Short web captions
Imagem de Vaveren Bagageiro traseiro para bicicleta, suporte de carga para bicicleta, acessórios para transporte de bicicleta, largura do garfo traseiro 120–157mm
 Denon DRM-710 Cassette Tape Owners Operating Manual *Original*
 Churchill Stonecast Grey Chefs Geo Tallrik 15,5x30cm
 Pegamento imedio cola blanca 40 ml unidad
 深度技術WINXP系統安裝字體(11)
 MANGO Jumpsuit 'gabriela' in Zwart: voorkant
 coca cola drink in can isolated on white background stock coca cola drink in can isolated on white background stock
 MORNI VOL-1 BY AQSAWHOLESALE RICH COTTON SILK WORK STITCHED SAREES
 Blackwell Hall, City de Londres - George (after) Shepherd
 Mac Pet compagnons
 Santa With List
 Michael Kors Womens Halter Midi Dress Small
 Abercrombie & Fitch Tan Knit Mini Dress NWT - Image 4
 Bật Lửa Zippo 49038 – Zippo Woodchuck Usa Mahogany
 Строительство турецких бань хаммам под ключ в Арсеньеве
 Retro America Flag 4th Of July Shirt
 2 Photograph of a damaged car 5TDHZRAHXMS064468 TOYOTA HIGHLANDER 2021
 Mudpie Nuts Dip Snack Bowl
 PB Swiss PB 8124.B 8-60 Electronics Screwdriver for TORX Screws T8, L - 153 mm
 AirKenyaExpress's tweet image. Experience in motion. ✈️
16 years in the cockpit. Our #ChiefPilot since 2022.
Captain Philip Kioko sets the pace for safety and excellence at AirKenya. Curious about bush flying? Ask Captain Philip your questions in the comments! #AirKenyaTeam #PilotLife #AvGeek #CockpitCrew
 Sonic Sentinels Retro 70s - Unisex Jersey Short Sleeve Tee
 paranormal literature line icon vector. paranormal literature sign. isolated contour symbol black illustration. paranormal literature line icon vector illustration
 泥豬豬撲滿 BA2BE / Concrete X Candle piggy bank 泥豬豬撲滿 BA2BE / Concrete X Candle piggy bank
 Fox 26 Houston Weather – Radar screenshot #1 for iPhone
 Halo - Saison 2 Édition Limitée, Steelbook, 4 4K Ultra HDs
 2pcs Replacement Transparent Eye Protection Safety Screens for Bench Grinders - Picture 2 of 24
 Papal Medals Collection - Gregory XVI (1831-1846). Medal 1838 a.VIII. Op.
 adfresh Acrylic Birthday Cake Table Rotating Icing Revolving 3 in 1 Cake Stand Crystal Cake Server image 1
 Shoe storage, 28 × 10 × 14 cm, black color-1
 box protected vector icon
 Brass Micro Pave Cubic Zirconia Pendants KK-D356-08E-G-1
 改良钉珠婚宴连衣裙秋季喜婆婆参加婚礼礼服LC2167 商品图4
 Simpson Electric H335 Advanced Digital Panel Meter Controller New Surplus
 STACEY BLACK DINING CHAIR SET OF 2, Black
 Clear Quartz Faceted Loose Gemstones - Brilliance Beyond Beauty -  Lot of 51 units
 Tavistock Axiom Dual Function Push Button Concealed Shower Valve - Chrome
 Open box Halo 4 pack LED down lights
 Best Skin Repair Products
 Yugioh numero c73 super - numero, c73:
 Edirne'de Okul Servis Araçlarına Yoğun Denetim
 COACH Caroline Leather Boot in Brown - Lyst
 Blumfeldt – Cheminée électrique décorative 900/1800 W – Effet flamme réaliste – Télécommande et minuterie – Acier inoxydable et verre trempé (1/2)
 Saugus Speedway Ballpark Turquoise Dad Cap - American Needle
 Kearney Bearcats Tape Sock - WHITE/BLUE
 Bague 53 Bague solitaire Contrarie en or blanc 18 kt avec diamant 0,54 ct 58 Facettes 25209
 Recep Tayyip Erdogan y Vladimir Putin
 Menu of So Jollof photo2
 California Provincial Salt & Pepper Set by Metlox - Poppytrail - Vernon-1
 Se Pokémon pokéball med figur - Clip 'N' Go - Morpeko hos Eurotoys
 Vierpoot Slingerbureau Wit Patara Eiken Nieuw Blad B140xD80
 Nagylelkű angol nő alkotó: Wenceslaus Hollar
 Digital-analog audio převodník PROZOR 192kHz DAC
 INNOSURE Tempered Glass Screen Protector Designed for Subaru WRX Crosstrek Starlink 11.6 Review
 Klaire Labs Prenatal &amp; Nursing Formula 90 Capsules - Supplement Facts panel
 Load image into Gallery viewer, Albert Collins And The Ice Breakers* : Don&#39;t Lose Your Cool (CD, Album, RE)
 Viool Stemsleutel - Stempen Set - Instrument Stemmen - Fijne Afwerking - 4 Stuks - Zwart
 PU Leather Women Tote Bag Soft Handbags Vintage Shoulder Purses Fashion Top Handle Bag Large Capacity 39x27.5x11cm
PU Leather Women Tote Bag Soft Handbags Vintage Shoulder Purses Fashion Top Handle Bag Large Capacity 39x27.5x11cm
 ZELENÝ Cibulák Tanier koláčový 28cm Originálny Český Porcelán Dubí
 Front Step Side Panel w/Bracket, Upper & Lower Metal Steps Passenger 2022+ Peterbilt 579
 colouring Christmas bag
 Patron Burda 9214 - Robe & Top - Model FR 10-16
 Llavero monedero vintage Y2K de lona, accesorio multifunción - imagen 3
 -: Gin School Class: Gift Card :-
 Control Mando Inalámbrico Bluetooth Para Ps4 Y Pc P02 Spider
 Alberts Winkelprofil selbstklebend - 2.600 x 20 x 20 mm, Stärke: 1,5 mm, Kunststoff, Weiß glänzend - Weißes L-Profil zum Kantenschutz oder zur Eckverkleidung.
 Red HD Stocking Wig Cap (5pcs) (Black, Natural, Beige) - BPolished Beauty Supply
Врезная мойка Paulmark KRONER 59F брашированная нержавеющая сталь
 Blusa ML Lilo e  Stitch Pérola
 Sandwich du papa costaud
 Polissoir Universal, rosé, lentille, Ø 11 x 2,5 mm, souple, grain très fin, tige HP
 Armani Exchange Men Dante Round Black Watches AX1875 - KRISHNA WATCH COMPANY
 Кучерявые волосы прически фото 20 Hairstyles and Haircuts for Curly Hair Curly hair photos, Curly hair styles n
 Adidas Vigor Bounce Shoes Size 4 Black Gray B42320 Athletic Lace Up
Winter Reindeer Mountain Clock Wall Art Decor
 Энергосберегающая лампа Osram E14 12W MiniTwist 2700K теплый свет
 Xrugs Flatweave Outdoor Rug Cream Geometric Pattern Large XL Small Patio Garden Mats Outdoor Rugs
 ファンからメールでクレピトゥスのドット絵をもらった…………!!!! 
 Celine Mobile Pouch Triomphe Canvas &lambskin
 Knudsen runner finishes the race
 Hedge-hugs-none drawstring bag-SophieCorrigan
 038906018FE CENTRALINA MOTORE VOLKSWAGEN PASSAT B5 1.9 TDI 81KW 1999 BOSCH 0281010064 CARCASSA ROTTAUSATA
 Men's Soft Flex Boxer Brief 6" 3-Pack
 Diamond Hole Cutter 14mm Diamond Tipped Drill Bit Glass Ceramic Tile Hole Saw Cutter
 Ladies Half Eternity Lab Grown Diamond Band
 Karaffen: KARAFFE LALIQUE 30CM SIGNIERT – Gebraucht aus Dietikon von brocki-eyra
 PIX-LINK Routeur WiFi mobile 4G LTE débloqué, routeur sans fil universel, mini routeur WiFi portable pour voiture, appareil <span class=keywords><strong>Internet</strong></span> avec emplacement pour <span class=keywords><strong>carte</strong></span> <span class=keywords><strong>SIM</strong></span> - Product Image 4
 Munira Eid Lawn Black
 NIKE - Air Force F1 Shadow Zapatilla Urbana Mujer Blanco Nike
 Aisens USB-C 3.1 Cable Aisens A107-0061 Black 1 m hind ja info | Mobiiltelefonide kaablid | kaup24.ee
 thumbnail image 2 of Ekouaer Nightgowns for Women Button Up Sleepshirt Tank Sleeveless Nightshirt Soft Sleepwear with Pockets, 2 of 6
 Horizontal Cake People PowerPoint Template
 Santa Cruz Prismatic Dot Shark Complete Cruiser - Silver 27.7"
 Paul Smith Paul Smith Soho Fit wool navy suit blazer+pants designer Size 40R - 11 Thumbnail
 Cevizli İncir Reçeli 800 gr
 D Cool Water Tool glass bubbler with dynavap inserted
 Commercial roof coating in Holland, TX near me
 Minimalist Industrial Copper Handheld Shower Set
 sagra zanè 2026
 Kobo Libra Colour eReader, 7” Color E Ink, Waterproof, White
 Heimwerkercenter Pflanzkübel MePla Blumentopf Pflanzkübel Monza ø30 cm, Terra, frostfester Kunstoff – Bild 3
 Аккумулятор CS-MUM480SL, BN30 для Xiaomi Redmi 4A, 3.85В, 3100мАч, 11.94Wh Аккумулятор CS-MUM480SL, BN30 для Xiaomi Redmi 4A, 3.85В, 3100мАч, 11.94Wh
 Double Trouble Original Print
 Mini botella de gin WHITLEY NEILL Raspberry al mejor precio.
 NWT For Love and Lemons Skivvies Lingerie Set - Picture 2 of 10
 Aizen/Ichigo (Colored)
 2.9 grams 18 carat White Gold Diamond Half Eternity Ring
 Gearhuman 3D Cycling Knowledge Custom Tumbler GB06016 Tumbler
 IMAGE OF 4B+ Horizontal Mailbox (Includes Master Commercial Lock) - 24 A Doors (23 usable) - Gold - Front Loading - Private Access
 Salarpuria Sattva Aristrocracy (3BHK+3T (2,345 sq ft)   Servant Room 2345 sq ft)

## The task
With "Picture" as the string to match, show every line of the entries above that has it.

## Response
 2pcs Replacement Transparent Eye Protection Safety Screens for Bench Grinders - Picture 2 of 24
 NWT For Love and Lemons Skivvies Lingerie Set - Picture 2 of 10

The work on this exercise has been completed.